Home buyers taking their time

A cooling market is making conditions easier for first time home buyers. File photo.

Tauranga home values rose 4.5 per cent year on year and 1.9 per cent over the past three months, according to the latest QV House Price Index.

“Activity has increased in the Tauranga market during February and March however buyers no longer appear to have that fear of missing out and are taking more time over making decisions,” says QV Tauranga property consultant Steven Dunn.

“Despite there still being a shortage of listings in areas like Mount Maunganui, people are not jumping in and are doing more due diligence and looking at the market and seeing what’s happening with values, before making offers.

 “Prices in many areas including the popular Otumoetai have stabilised quite a bit with not much movement in values over the past few months.”

 First home buyers are active and are finding it easier to buy now there’s less competition from investors, says Steven.

“It’s also easier for buyers to gain finance approval now that it’s more possible to get lower deposit loans, and retail banks have eased back on the strict lending criteria of the second half of 2017.

“We are still seeing the trend of people moving from major centres like Auckland and Wellington to Tauranga and the Bay of Plenty.”

The average property value in the city is $706,922. The Western Bay of Plenty market rose eight per cent year on year and 2.3 per cent over the past three months.
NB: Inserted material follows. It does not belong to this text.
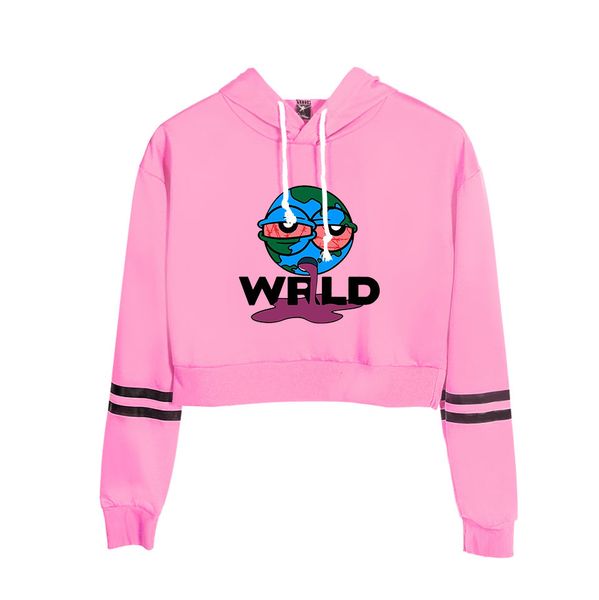 

hoodie sweatshirt women high waist hoodies ladies hoody cute spring summer, Black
The average value in the district is now $637,801.

Residential property value growth remains subdued compared to recent years but March has seen the usual seasonal pick-up in sales volumes and activity, says QV National Spokesperson Andrea Rush.

“This has seen nationwide annual value growth rise to 7.3 per cent which is the fastest rate in nine months, but sales volumes are still lower than usual for March,” says Andrea.

Dunedin leads the way among the main centres with annual growth of 9.4 per cent, while the Auckland and Christchurch housing markets have seen little value movement over the past year.

Across the Auckland Region annual growth has slowed from 12.3 per cent in March 2017 to just 1.0 per cent in March 2018 and Christchurch is down 0.6 per cent over the past year.

The growth rate also slowed in the Wellington region from 21.2 per cent in March 2017 to 8.2 per cent in March 2018.

“The Tauranga and Hamilton markets are still rising but again at much slower rates than the previous two years,” says Andrea.

“It’s the regions that continue to see the highest value growth driven by demand from people looking for more affordable homes or investment properties outside of the main centres.”

The highest quarterly growth was seen at Opotiki in the Eastern Bay of plenty where values rose 16.1 per cent in the first quarter of the year.

“With restrictions on finance being eased by the retail banks it’s been a little easier for some investors and home buyers to gain finance to purchase,” says Andrea.

“First home buyers appear to be capitalising on subdued investor activity and some are finding they can purchase more easily without the same level of competition from multiple property owners if they are not already priced out of the market.”